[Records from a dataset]
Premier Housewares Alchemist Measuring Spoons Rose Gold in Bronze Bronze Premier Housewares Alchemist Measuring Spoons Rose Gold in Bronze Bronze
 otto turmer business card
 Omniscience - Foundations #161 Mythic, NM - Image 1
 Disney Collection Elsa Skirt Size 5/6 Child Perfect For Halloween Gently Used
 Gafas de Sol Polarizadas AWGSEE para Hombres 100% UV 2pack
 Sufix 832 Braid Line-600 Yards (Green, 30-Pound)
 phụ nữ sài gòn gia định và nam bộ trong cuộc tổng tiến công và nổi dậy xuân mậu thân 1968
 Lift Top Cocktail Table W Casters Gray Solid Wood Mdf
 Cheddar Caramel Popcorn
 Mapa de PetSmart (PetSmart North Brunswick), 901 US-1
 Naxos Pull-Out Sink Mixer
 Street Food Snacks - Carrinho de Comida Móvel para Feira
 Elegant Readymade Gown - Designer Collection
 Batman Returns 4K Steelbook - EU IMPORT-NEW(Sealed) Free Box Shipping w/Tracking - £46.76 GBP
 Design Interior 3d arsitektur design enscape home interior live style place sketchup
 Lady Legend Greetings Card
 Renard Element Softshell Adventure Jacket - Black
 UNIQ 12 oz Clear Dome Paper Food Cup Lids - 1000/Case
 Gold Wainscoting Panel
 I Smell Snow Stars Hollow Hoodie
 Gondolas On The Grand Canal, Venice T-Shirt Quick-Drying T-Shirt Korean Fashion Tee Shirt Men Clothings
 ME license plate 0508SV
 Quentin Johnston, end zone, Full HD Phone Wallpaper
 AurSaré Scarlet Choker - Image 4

Task goal - The entries above are to be copied word for word.

Answer to the exercise -
Premier Housewares Alchemist Measuring Spoons Rose Gold in Bronze Bronze Premier Housewares Alchemist Measuring Spoons Rose Gold in Bronze Bronze
 otto turmer business card
 Omniscience - Foundations #161 Mythic, NM - Image 1
 Disney Collection Elsa Skirt Size 5/6 Child Perfect For Halloween Gently Used
 Gafas de Sol Polarizadas AWGSEE para Hombres 100% UV 2pack
 Sufix 832 Braid Line-600 Yards (Green, 30-Pound)
 phụ nữ sài gòn gia định và nam bộ trong cuộc tổng tiến công và nổi dậy xuân mậu thân 1968
 Lift Top Cocktail Table W Casters Gray Solid Wood Mdf
 Cheddar Caramel Popcorn
 Mapa de PetSmart (PetSmart North Brunswick), 901 US-1
 Naxos Pull-Out Sink Mixer
 Street Food Snacks - Carrinho de Comida Móvel para Feira
 Elegant Readymade Gown - Designer Collection
 Batman Returns 4K Steelbook - EU IMPORT-NEW(Sealed) Free Box Shipping w/Tracking - £46.76 GBP
 Design Interior 3d arsitektur design enscape home interior live style place sketchup
 Lady Legend Greetings Card
 Renard Element Softshell Adventure Jacket - Black
 UNIQ 12 oz Clear Dome Paper Food Cup Lids - 1000/Case
 Gold Wainscoting Panel
 I Smell Snow Stars Hollow Hoodie
 Gondolas On The Grand Canal, Venice T-Shirt Quick-Drying T-Shirt Korean Fashion Tee Shirt Men Clothings
 ME license plate 0508SV
 Quentin Johnston, end zone, Full HD Phone Wallpaper
 AurSaré Scarlet Choker - Image 4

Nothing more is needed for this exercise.